The bodyguard gripped the knife by the handle and tucked it under the Turian’s chin. “Don’t do it again, or else I’m going to hurt you.”
“But the other guy said—”
Ryan released his wrist to grab him by the lapels. “What other guy?”
“Your height, bloodless face, blue eyes! Let me go!”
Ryan let him go, but only at bellow from the other side of the lobby. Ryan kneed the whining Turian in the diaphragm and dropped him to the floor before turning to the next problem.
Ryan whirled to the new problem with Andreas Sarantakos, a six-foot man with a wide build, long, strong chin, black hair, light olive skin, and dark wells for eyes. He stood at the door to the hotel, barely in the door, with a dagger sticking out of his suitcase. Sean quickly scanned the lobby, and came to the conclusion that whoever had stabbed the actor’s luggage had disappeared.
Perfect.
He let himself relax, considering the two possibilities. Either this was mere, semi-harmless Trekkie harassment, or someone had been testing Mira’s security.
And which do I want to place bets on? How about that I’m paranoid?
“Blast it!” Sarantakos yelled in a great, Shakespearian roar. “They’ve done it again! What is this? Does somebody have my conferences up on a website!”
Ryan blinked, filed the statement away for future reference before giving the crowd an intense scan and turning back to Mira. He shrugged. “These Science Fiction folk, aren’t they something?”
She gave him an odd look, and he smiled.

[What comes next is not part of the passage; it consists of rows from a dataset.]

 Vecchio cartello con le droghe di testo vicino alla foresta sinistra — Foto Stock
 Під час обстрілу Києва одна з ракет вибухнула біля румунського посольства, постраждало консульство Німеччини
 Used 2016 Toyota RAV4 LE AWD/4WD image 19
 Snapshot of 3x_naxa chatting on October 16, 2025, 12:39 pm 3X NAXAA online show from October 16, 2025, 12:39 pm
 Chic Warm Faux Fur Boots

Sean said, “You know, ninety percent of these convention attendees are of family groups, and people between fifteen and thirty years old, 40% of whom are Trek Fans, 50% are fans of G5, and more than 99% are sane, normal people: doctors, lawyers, scientists.” He smiled. “And the occasional oddball. Thankfully, most disputes can be handled by campus security. Let's settle in.”
***
The suitcase stabber slipped through the crowd and outside, unnoticed by most because he wore dark colors so favored by the citizens of New York City. These people were so easy to blend in with—dark blue jeans and a black jacket, and you were invisible.

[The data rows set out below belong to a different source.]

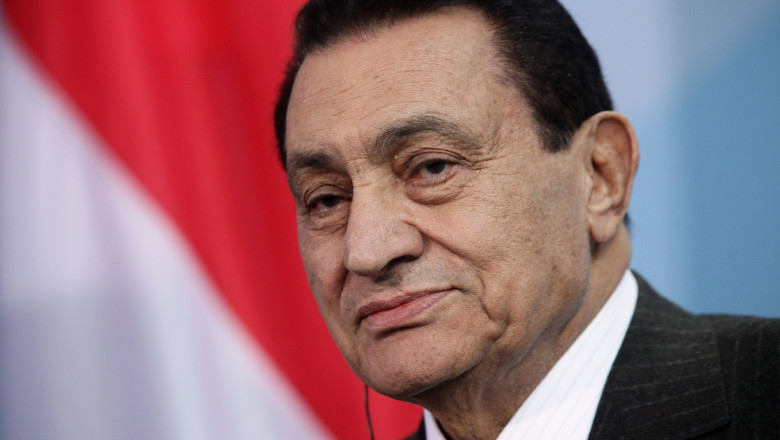 Merkel Meets With Egyptian President Mubarak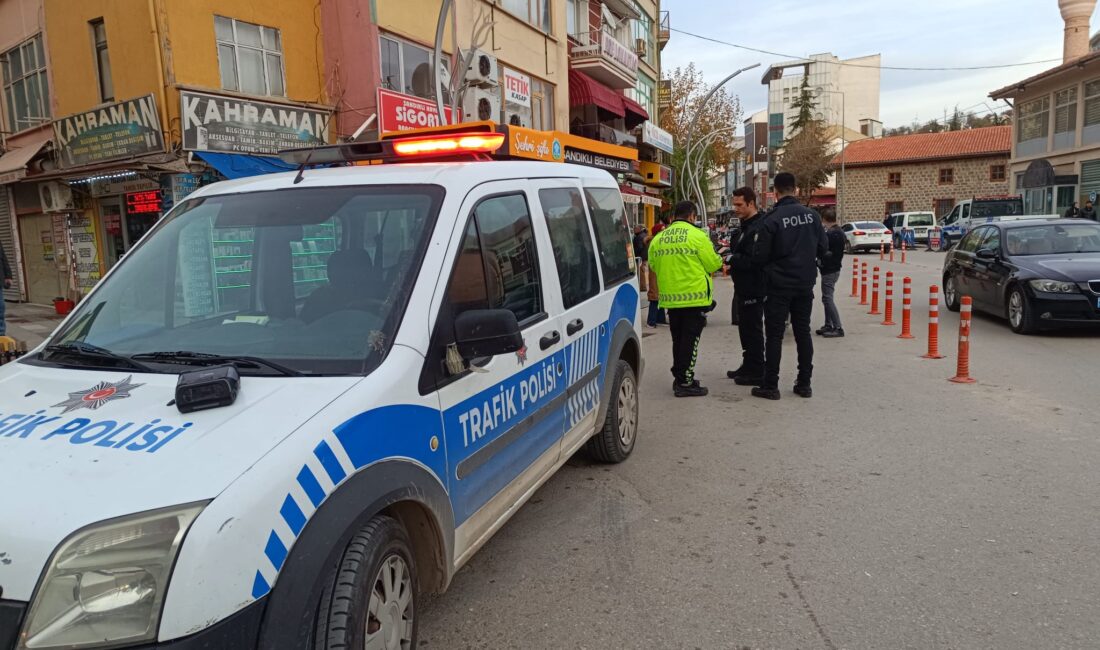 Afyonkarahisar’ın Sandıklı ilçesinde motosiklet sürücülerine yönelik gerçekleştirilen denetimde kurallara uymayan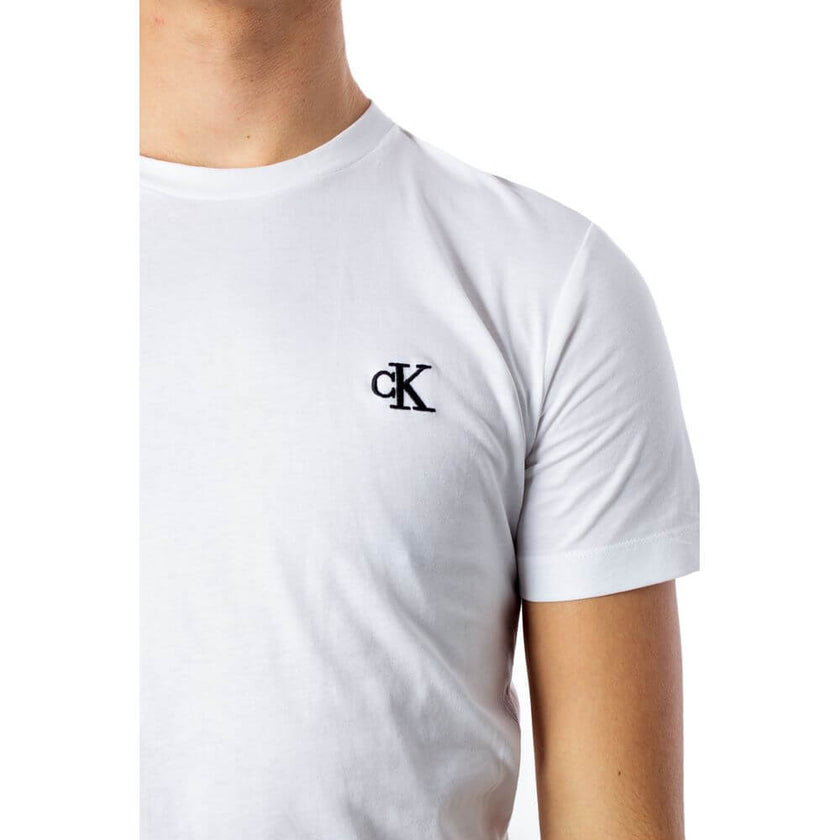 White Cotton ClothingDiscover the elegance and comfort of the Calvin Klein Jeans ESSENTIAL SLIM TEE J30J314544 short-sleeve t-shirt for men. Made from 100% cotton, this shirt offers a soft and breathable feel, making it perfect for everyday wear. The slim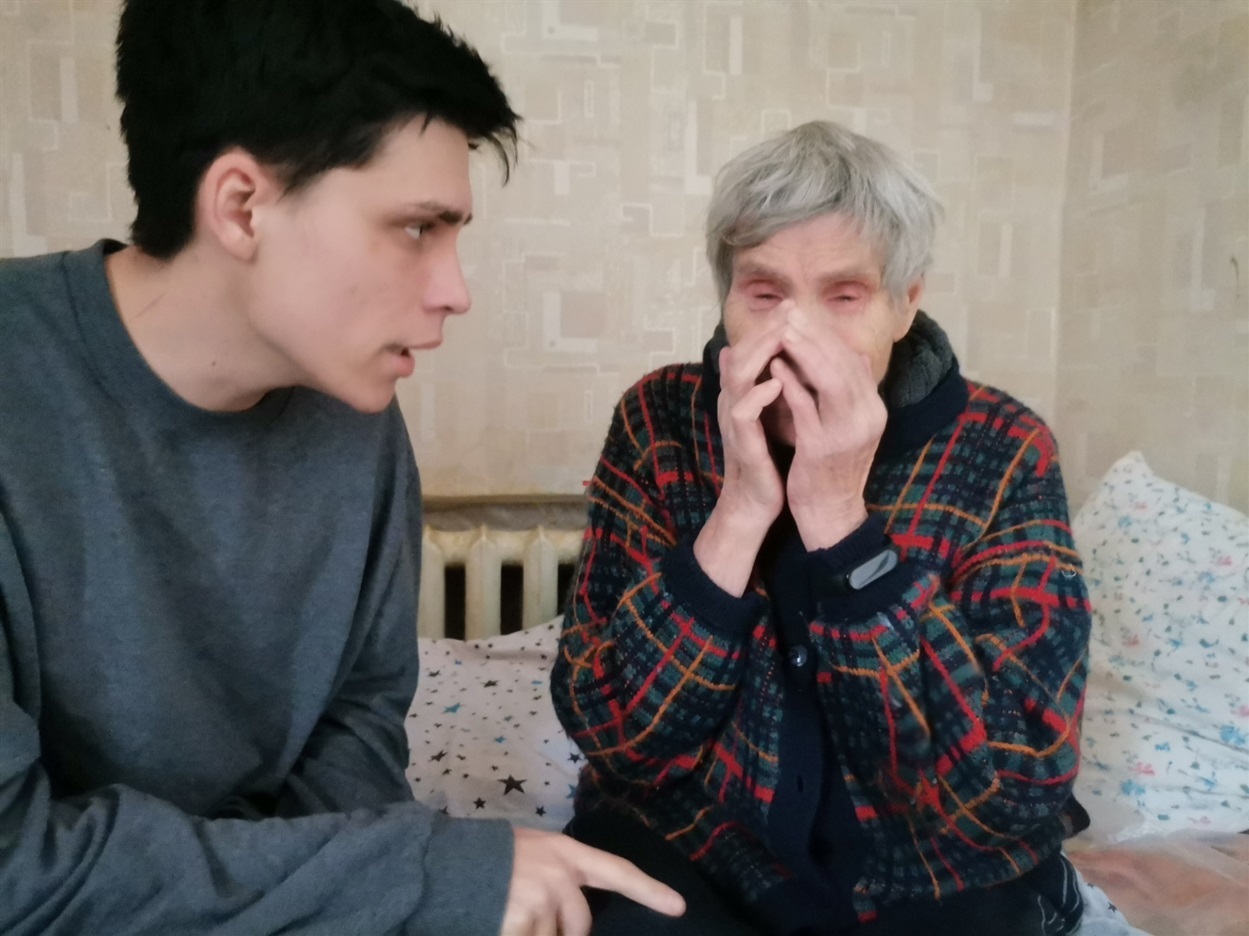 Максим і Надія Іванівна у квартирі у Києві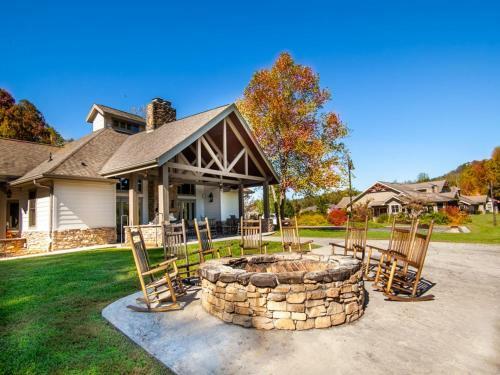 Abrams Retreat At Cades Cove With Mountain Views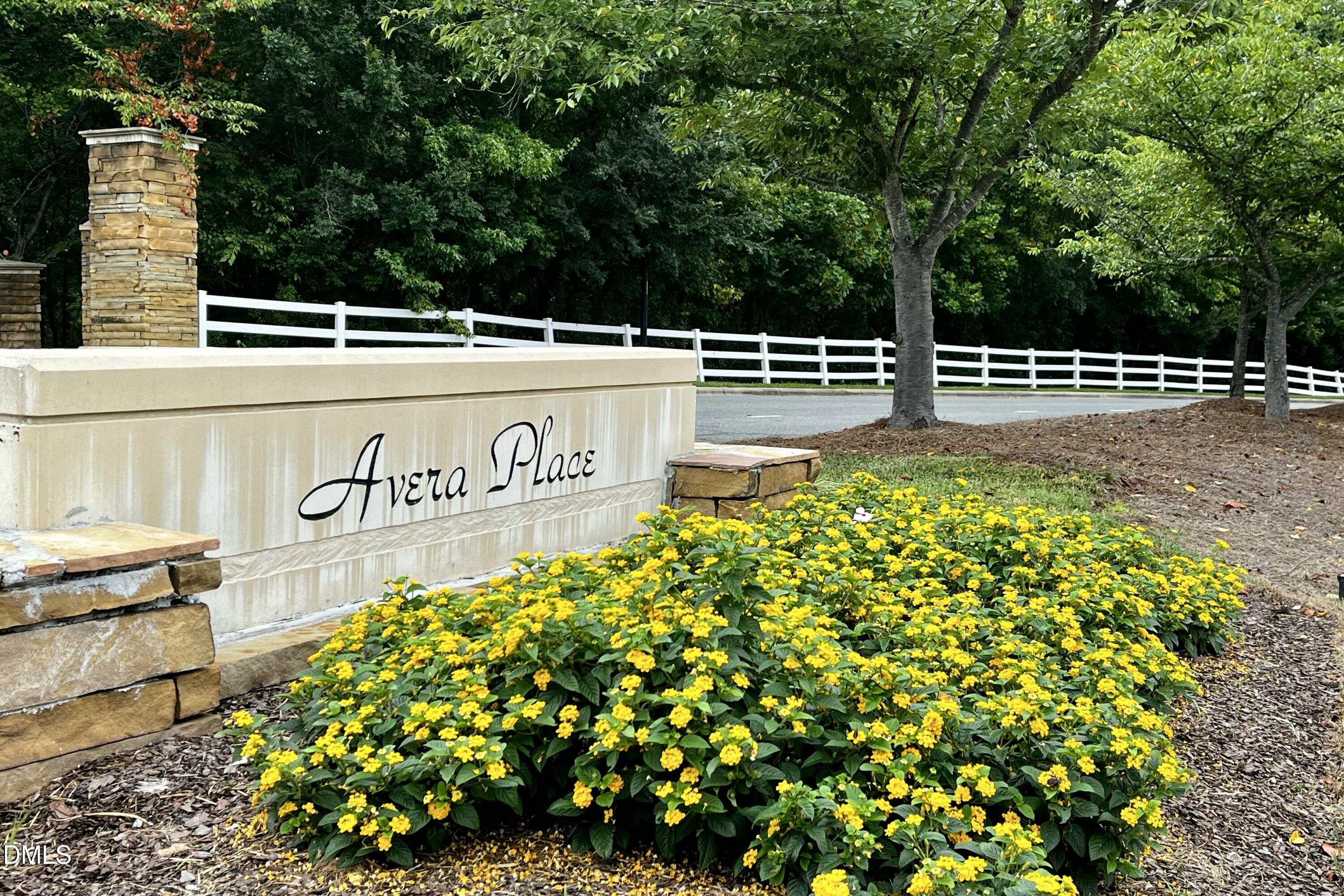 2521 Friedland Place, Unit 201 Raleigh, NC 27617 - Photo 28 of 37 Avera Place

He was a 43-year-old Trek fan of the worse kind, someone who tolerated no other TV show
s to be worshipped before Trek, the original series—or “TOS” in his world. For him, TOS was the lord thy TV show, thou shalt not have any TV shows before it; thou should not take the name of Smirk, thy Captain, in vain; thou should honor The Great Bird; thou shalt not covet thy neighbor’s costume. He was the type of fan that other “Trekkers” stayed away from. He had also considered creating a guerrilla movement called the Trek Liberation Front, meant to save the other Trek spinoffs from bad writing and Damon Lindelof, but he was content for the moment to remain in his grandmother’s basement, sending email viruses to the laptops of better writers making far superior quality TV shows—basically any show that got better reviews than Trek. He had personally sent the Mad Russian of G5 a computer virus that crashed his computer, replacing it with an infinite line of “Trek Rules” up and down the screen, just for spite’s sake.
“That wasn’t very nice, you know.”
He whirled around, hoping to deck another “’Fiver”; there were half a dozen notches in the phaser he used to knock several G5 fans senseless. The man in front of him was 5’11” tall, with a wide frame attached to several lanky limbs, and dark, slightly graying hair; the only detail he really noted were the cold, ice blue eyes.

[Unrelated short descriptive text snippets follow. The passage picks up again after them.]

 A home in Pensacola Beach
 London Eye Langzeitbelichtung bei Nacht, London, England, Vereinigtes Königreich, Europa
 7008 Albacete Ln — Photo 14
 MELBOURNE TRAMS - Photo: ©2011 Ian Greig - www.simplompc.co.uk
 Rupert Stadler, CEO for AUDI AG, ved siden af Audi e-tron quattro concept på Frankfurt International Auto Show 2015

“Yeah, so what? You want to make something of it?”
The cold eyes appraised him. “I’m thinking about it; I’m trying to balance business versus pleasure.”
He grinned. “So am I!” he screamed, and lunged at the newcomer, whipping out his type-II phaser, ready to pistol-whip this stranger into a time loop.
The stranger sidestepped the swing and landed the toe of his hard leather shoe into the man’s solar plexus, dropping him to the ground.
Chapter 3: On the Day Before
The nice thing about the arrangements Sean Ryan—and C-Con personnel—found at the local hotel was a floor completely locked off by electronic restrictions on the elevator. No one who was not in possession of or escorted by someone with a room key to the 12th floor would be allowed access, which pleased Ryan’s paranoid mind.